EXERCISE:
Where the entries below show "Yes, we have", begin there and print that line and all following lines exactly, through the last, omitting pictures.

Start of PROVIDED RECORDS

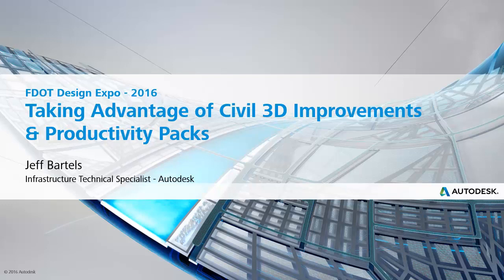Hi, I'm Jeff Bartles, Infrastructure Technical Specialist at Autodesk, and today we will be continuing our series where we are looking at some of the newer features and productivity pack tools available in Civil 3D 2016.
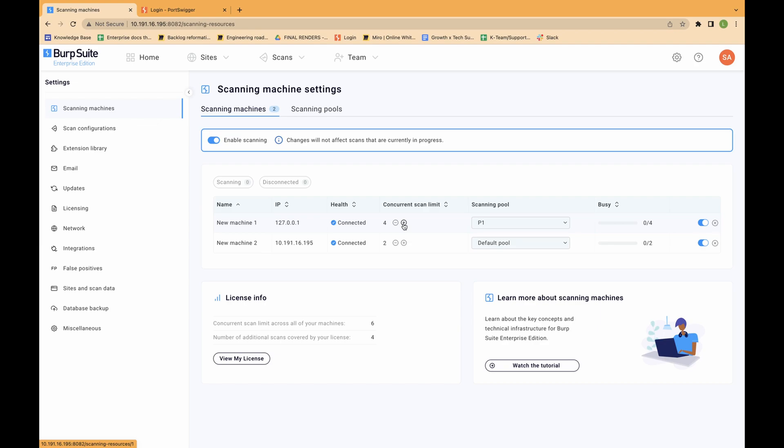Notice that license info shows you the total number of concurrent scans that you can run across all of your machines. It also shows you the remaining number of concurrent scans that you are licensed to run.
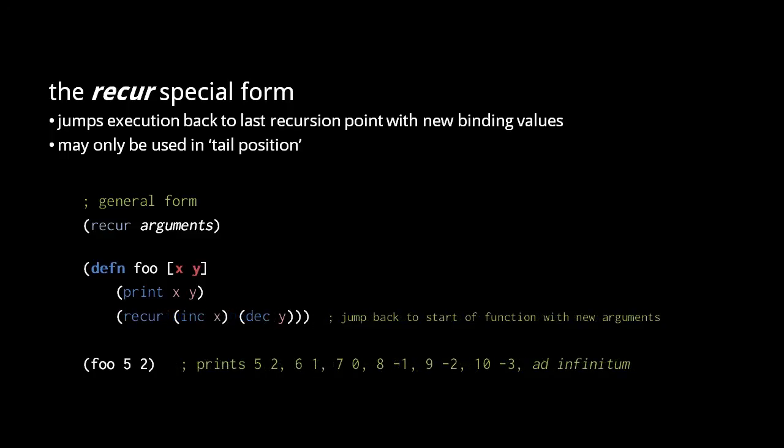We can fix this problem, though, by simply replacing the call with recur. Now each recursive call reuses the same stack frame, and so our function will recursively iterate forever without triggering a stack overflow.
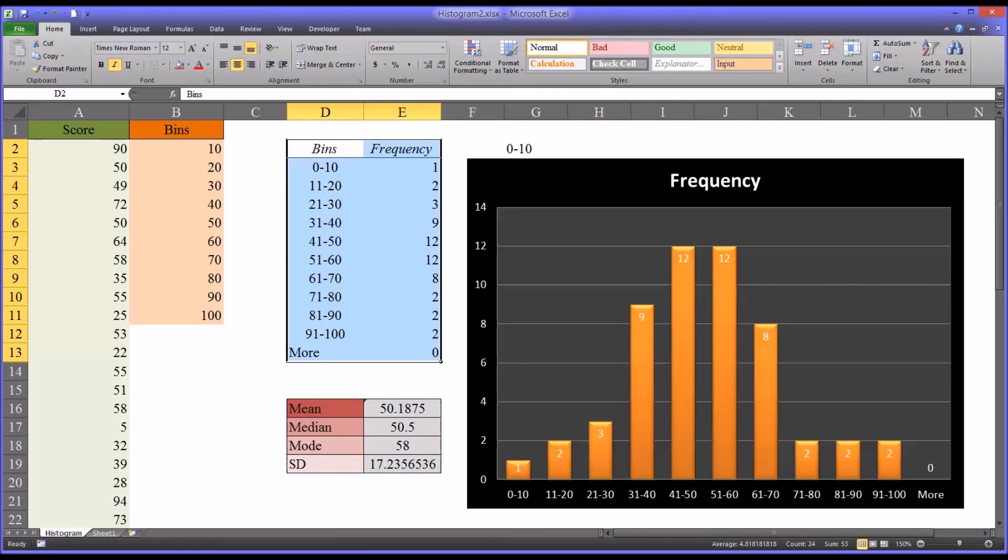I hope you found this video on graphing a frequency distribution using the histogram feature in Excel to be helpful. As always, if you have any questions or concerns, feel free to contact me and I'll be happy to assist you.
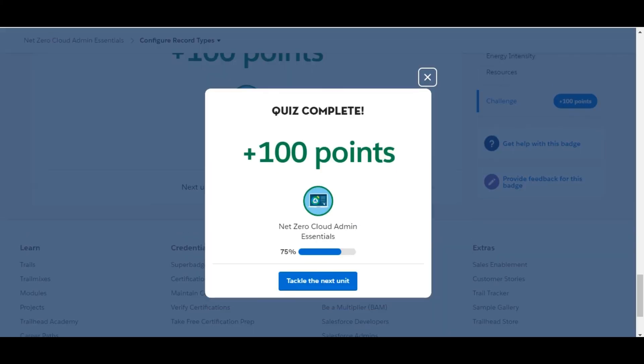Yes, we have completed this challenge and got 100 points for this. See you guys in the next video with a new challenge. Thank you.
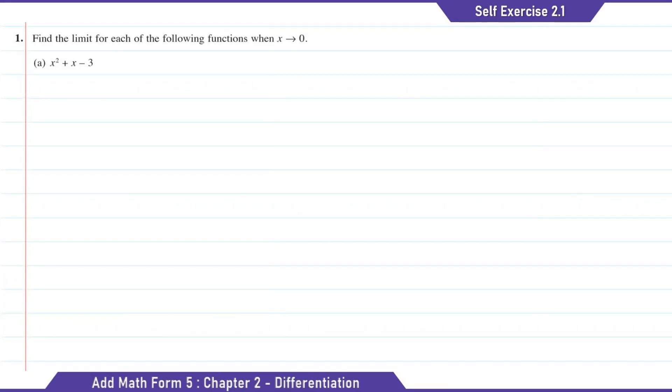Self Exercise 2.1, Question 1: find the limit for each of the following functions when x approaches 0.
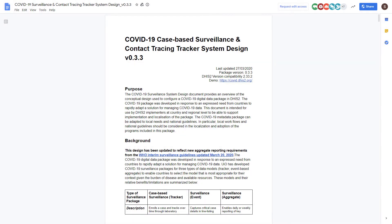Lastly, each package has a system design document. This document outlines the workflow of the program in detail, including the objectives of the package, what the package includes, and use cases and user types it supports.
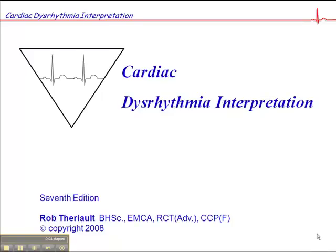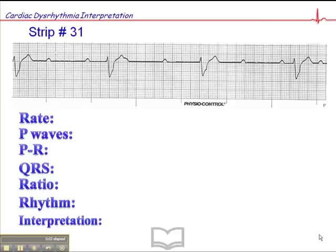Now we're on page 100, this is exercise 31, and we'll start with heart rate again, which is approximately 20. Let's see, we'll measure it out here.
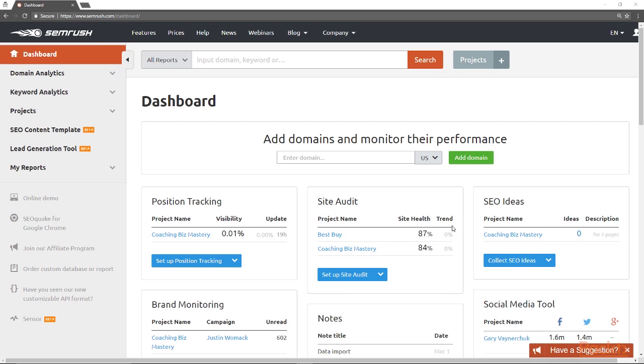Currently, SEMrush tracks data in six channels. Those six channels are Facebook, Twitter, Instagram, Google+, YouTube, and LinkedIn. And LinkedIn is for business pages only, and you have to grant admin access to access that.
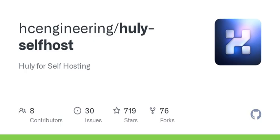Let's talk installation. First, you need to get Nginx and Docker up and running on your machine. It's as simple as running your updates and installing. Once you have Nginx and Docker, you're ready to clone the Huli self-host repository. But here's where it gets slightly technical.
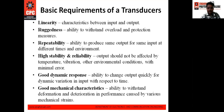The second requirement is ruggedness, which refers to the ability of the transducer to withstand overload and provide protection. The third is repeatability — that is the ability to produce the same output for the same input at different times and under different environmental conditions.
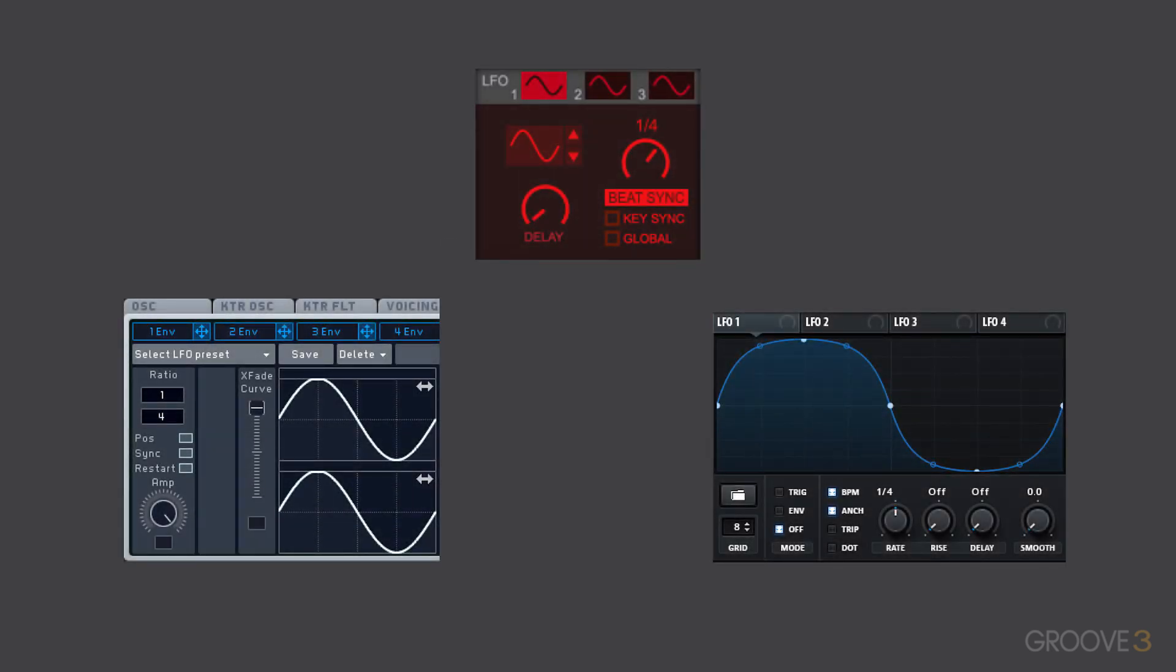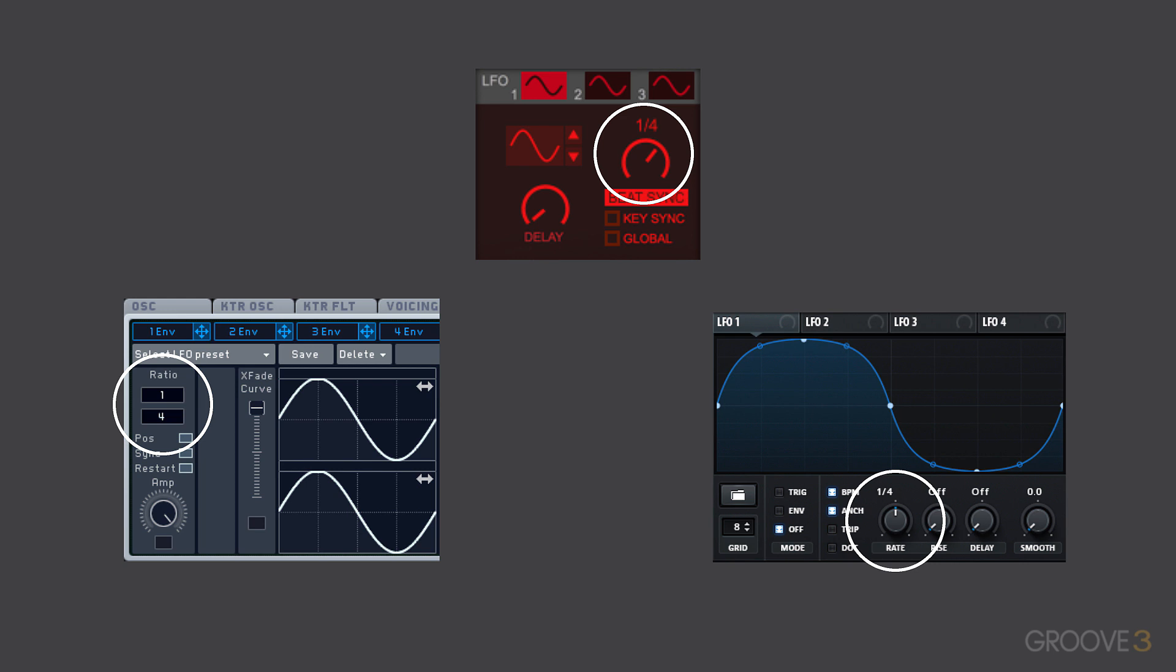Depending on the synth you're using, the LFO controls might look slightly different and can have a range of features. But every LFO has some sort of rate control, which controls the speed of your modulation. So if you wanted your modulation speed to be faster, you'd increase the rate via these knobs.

End of PROVIDED RECORDS

RESPONSE FOR THIS EXERCISE:
Yes, we have completed this challenge and got 100 points for this. See you guys in the next video with a new challenge. Thank you.
Self Exercise 2.1, Question 1: find the limit for each of the following functions when x approaches 0.
Lastly, each package has a system design document. This document outlines the workflow of the program in detail, including the objectives of the package, what the package includes, and use cases and user types it supports.
Now we're on page 100, this is exercise 31, and we'll start with heart rate again, which is approximately 20. Let's see, we'll measure it out here.
Currently, SEMrush tracks data in six channels. Those six channels are Facebook, Twitter, Instagram, Google+, YouTube, and LinkedIn. And LinkedIn is for business pages only, and you have to grant admin access to access that.
Let's talk installation. First, you need to get Nginx and Docker up and running on your machine. It's as simple as running your updates and installing. Once you have Nginx and Docker, you're ready to clone the Huli self-host repository. But here's where it gets slightly technical.
The second requirement is ruggedness, which refers to the ability of the transducer to withstand overload and provide protection. The third is repeatability — that is the ability to produce the same output for the same input at different times and under different environmental conditions.
Depending on the synth you're using, the LFO controls might look slightly different and can have a range of features. But every LFO has some sort of rate control, which controls the speed of your modulation. So if you wanted your modulation speed to be faster, you'd increase the rate via these knobs.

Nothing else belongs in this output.